No one can question that Joe was an indispensable figure in the mix. He had key ideas about digital imaging in particular, established important relationships in the field, and was the first of us to be hired full time for reasons that the team discussed (including his political acumen). Of course, to his credit, Joe was also the only one from the original team who remained over twenty years and dedicated himself tirelessly as a BCC teacher and advocate to the very end.

Joe and I had differences, a few that even played a small part in my decision to leave the college. But we had a mutual respect and a funny if not sometimes annoying kind of big brother/little brother dynamic. At the end of March, Rachel Simpson and Joan Berezin emailed me about Joe’s deteriorating condition, and I’m very grateful to have had a chance to talk with him briefly by telephone a week or two before he passed. We reminisced about our decade together getting the program off the ground, the improbable circumstances, and our mutual appreciation. Because of Joe and the incredible community of students, staff, and faculty, I wouldn’t have traded those years for anything.
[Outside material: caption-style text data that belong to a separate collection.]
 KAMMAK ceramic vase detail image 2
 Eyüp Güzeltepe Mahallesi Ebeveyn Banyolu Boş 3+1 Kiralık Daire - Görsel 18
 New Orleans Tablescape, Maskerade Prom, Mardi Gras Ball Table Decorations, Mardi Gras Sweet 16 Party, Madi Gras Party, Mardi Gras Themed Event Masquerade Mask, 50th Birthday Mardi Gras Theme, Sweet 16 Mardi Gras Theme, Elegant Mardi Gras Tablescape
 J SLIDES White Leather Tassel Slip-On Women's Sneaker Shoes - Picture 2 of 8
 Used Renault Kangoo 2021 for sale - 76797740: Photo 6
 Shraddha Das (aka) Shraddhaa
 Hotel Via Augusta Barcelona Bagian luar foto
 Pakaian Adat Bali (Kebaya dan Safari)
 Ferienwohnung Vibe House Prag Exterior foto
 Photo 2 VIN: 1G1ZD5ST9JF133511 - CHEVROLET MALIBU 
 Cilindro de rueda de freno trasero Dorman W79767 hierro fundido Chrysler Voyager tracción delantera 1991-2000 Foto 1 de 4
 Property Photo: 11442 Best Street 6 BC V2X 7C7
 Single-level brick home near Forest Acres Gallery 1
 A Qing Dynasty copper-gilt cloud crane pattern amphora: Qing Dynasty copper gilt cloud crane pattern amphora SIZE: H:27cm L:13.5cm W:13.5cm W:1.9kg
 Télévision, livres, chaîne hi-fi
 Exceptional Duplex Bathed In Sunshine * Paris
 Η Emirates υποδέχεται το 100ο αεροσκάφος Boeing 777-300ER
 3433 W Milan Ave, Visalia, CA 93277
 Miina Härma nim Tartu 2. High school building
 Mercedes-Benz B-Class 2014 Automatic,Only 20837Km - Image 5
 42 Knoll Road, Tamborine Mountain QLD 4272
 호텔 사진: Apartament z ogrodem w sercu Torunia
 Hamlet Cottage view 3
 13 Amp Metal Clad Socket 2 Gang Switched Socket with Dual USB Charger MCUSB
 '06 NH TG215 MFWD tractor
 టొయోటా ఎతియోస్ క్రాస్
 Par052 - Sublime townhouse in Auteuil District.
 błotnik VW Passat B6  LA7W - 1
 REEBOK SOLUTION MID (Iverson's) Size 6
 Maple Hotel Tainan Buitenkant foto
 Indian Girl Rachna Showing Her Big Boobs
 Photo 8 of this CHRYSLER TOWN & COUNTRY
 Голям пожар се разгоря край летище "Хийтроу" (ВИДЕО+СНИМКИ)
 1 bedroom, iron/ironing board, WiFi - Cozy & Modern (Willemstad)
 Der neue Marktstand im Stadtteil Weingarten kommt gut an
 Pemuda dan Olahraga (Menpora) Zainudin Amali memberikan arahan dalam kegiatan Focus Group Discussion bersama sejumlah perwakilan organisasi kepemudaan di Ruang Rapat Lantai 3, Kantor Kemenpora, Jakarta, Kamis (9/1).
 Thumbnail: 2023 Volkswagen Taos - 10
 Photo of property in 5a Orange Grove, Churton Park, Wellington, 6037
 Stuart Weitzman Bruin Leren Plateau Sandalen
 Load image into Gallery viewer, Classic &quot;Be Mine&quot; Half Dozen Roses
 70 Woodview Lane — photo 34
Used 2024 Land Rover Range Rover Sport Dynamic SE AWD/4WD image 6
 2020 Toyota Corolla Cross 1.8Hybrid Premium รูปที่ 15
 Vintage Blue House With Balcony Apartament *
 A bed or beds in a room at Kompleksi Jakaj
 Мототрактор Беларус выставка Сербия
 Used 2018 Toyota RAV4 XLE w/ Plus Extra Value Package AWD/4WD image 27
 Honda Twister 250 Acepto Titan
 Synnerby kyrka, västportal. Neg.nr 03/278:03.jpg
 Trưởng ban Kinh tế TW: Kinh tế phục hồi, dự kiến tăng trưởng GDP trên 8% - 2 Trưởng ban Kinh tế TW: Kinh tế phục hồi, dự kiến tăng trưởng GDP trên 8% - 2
I want to end by expressing my delight at the Academic Senate’s resolution to preserve Joe’s artwork on the BCC walls. While his work was collected by art institutions, Joe was disappointed not to get the critical recognition, attention, and validation that many artists with long careers hope for. Knowing this was important to Joe, I would like to propose that someone here at his memorial begin a process to find a writer of some talent and stature to compose and publish a critical text and overview of his work. I’m aware that there is an effort afoot to start a foundation and assemble something akin to a catalogue raisonné of his oeuvre. 

I’m sorry I couldn’t attend the online memorial. At the moment, I have an unreliable internet connection, not to mention a time difference, as I’m now living outside the U.S. I hope the memorial is being recorded so that I and others who couldn’t attend will have a chance to see and hear the testimonials.